Material provided below:

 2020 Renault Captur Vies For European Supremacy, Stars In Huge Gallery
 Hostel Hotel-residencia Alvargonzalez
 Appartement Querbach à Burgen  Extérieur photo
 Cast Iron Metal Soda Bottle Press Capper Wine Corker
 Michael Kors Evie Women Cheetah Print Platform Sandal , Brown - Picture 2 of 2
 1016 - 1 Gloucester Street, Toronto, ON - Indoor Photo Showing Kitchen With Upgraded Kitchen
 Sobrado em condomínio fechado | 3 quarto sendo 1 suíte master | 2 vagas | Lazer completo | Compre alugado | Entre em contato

End of Material provided.

Quote the data above verbatim from its first line to the line that includes "1016 - 1 Gloucester", with both boundary lines retained.

Expected answer =>
 2020 Renault Captur Vies For European Supremacy, Stars In Huge Gallery
 Hostel Hotel-residencia Alvargonzalez
 Appartement Querbach à Burgen  Extérieur photo
 Cast Iron Metal Soda Bottle Press Capper Wine Corker
 Michael Kors Evie Women Cheetah Print Platform Sandal , Brown - Picture 2 of 2
 1016 - 1 Gloucester Street, Toronto, ON - Indoor Photo Showing Kitchen With Upgraded Kitchen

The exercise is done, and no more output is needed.